Ma forse era meglio «Martin Eden»
Il
film interattivo Bandersnatch, nuovo capitolo di Black Mirror, la serie
inglese creata e prodotta da Charlie Brooker, ha riacceso la
discussione sui finali. All’uscita del labirinto distopico lo spettatore
deve arrivarci facendo scelte giuste, altrimenti la narrazione non
procede. Sbagliando il tasto, il racconto/vita s’inceppa e diventa
estremamente complesso. Si realizza così il vecchio sogno di una
narrativa che nasce dalla complicità fra autore e lettore?
La
prima a manifestare perplessità è stata Mariarosa Mancuso che sul
«Foglio» ha scritto: «Già sono antipatici i finali aperti: aspettiamo la
fine di una storia e invece del The End (magari con quel che ne sarà
dei personaggi vent’anni dopo) arriva un fotogramma fisso e ambiguo. Chi
apre le storie, per favore, dovrebbe avere la cortesia di chiuderle.

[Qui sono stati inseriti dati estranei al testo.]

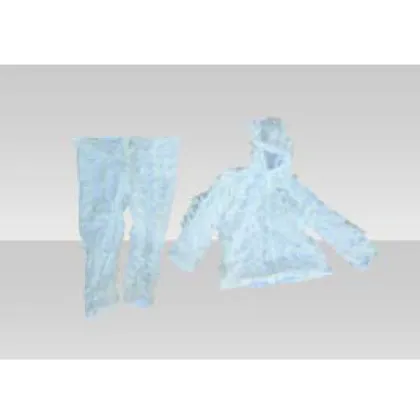 Snow split camouflage clothing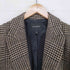 バナナリパブリック BANANA REPUBLIC 24AW 千鳥格子テーラードジャケット レディース JPN:2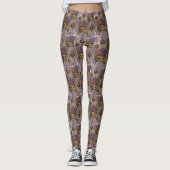 LEGGINGS MASQUERADE VENISE ART (Devant)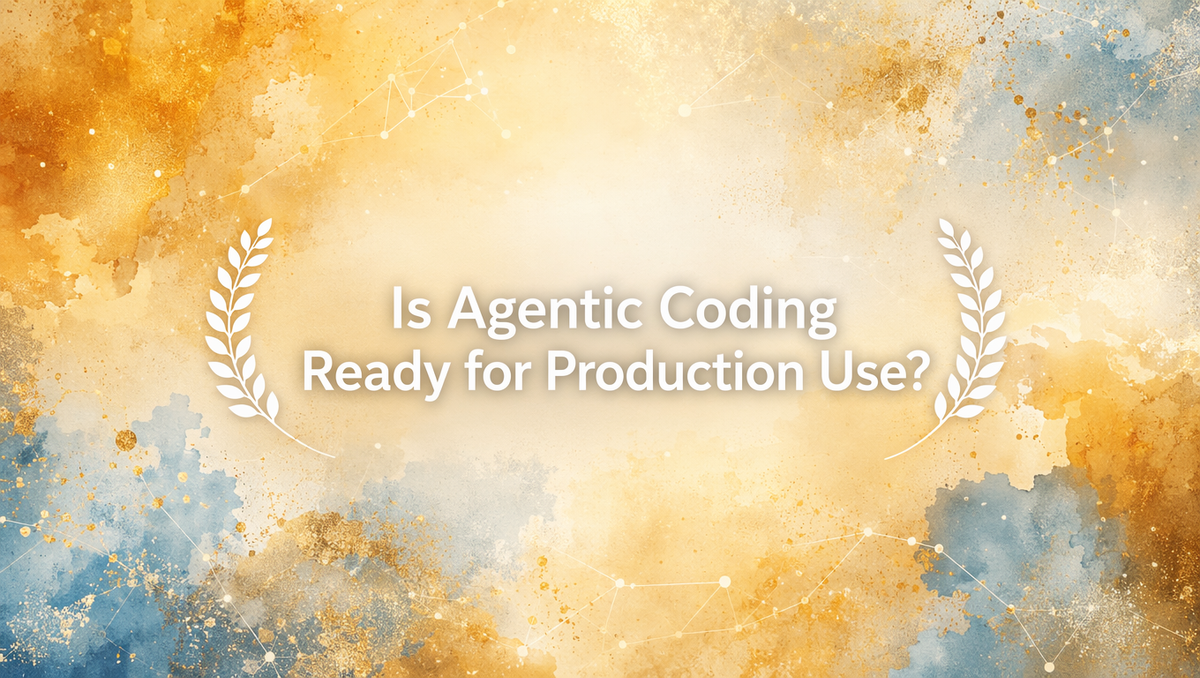Is Agentic Coding Ready for Production Use?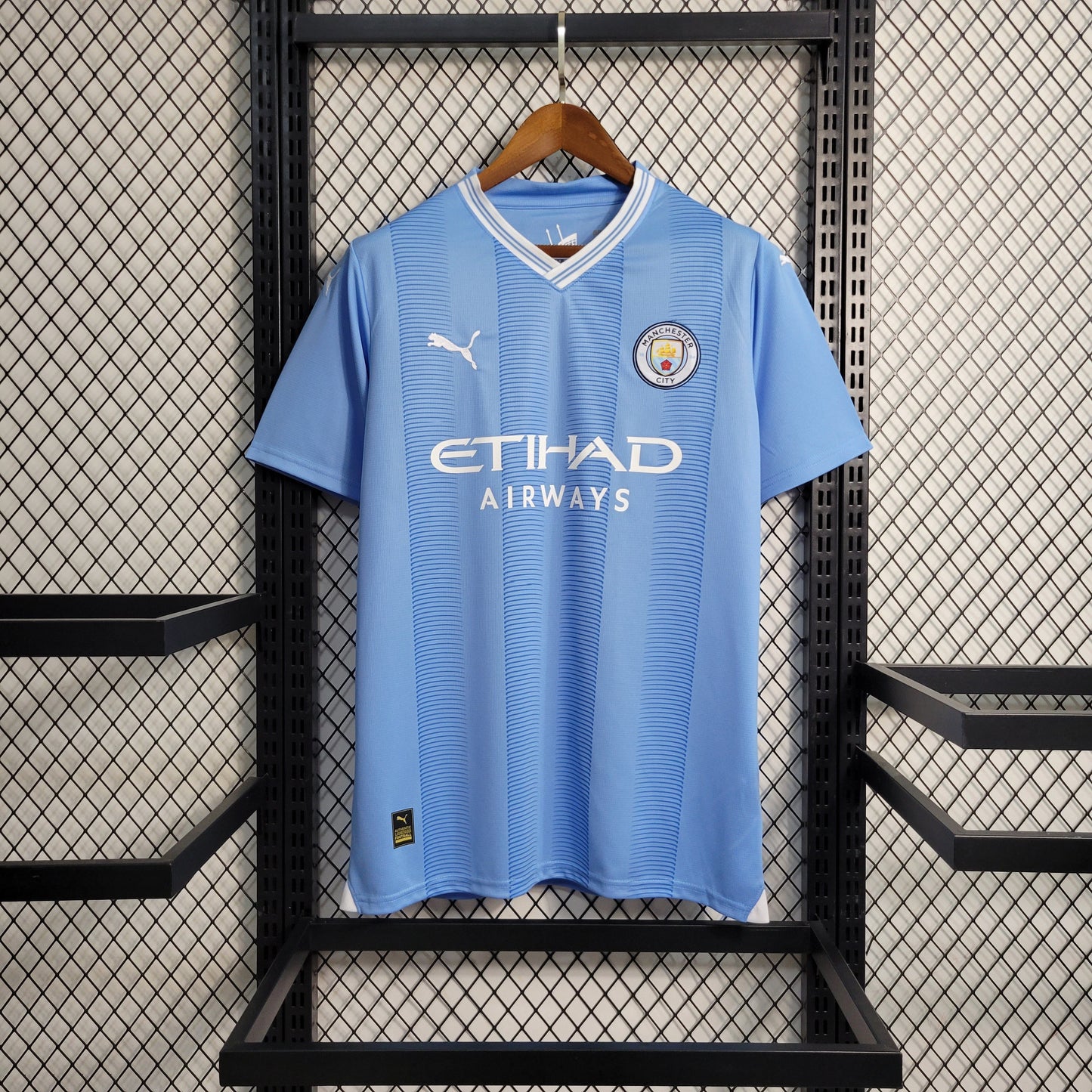 Camiseta Manchester City Local 2023/24 | Versión fan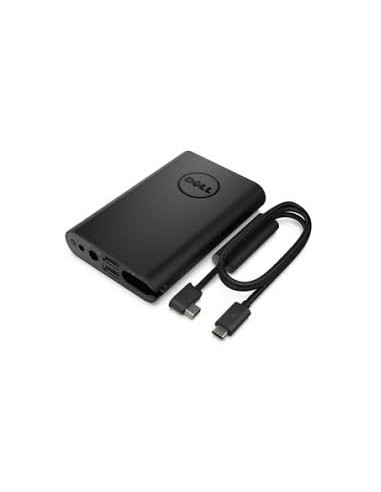 Dell Power Companion - Notebook Power Bank 18000mAh (PW7015L), 2 x USB charging ports, 6 cell battery, 65 Wh
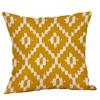 Горчичная наволочка Желтая Геометрическая Осенняя Наволочка Декоративная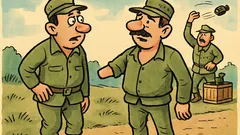 Vic: Dođe Mujo iz rata, Haso ga pita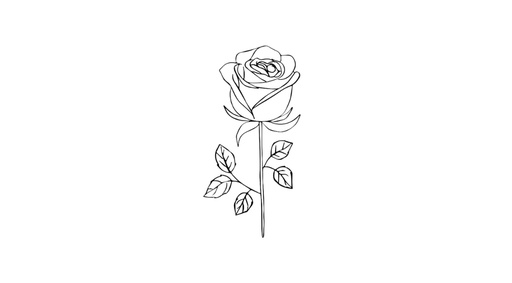 [SISC20] Tattoo Rose noire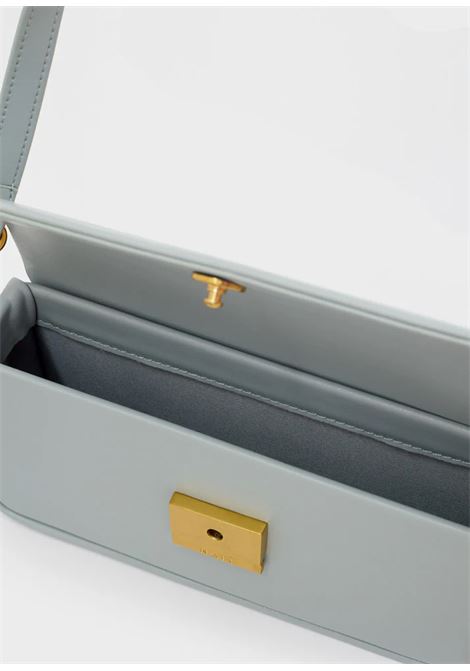BORSA BRISTOL A SPALLA CON CIONDOLO NALì | MHBS0055CELESTE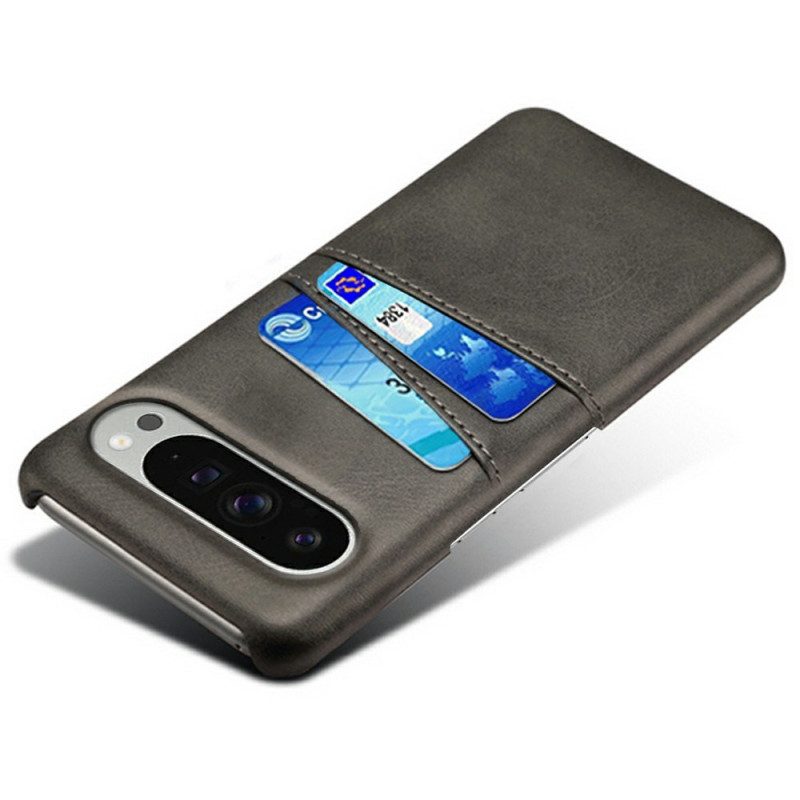 Hülle Google Pixel 10 Pro Xl Handyhülle Kartenhalter In Lederoptik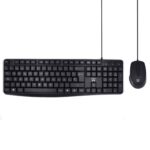 COMBO TECLADO RATON EWENT ESPAÑOL ESCRITURA SILENCIOSA USB NEGRO 8052101430363 EW3006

Senza confidare nella gentilezza del lettore: “Scusa, son rimaste un
paio di cose in sospeso, vedi tu se Romeo e Giulietta vivranno felici e
contenti oppure no”».
Bandersnatch sembra seguire i canoni
narratologici dei videogame. Secondo gli esperti del settore, la
struttura narrativa ideale per i videogame è la sequenzialità, perché
permette a una o più linee narrative di estendersi su più episodi
(magari secondo lo schema classico della morfologia delle fiabe). Lo
scopo dell’arco narrativo è portare un personaggio da un punto all’altro
di una trama disseminata di ostacoli che costringono a cambiare
strategia. Il videogamer così è attivo, non subisce la storia ma riesce a
darle una forma nuova attraverso le proprie scelte. Un gioco, appunto.
Si
parla molto di incipit (presso Skira, è da poco uscito Incipit,
edizione aggiornata di Era una notte buia e tempestosa, una raccolta di
duemila inizi di romanzi; anche Fruttero & Lucentini si sono
divertiti a compilare un libro di incipit, quasi un trivia game) ma poco
di explicit.
Se l’incipit è quasi sempre la chiave di volta di un
romanzo o di un film (tant’è vero che spesso i titoli di testa vengono
usati in questa funzione), è altrettanto vero che l’explicit (explicitus
est liber, è terminato il libro) è lo stigma attraverso cui il regista o
lo scrittore consegna definitivamente il suo lavoro al pubblico. Il
modello di chiusura sancisce sia un’appartenenza alla struttura
linguistica del genere (è il caso per esempio del «lieto fine») sia
un’autonomia creativa che attinge altrove regole e tendenze. In
letteratura, per esempio, possiamo trovarci di fronte al colpo di scena:
«L’uomo inspiegabilmente sparito dall’ex teatro anatomico, con porta
chiusa a chiave e inferriate alle finestre (“Era qui ancora oggi!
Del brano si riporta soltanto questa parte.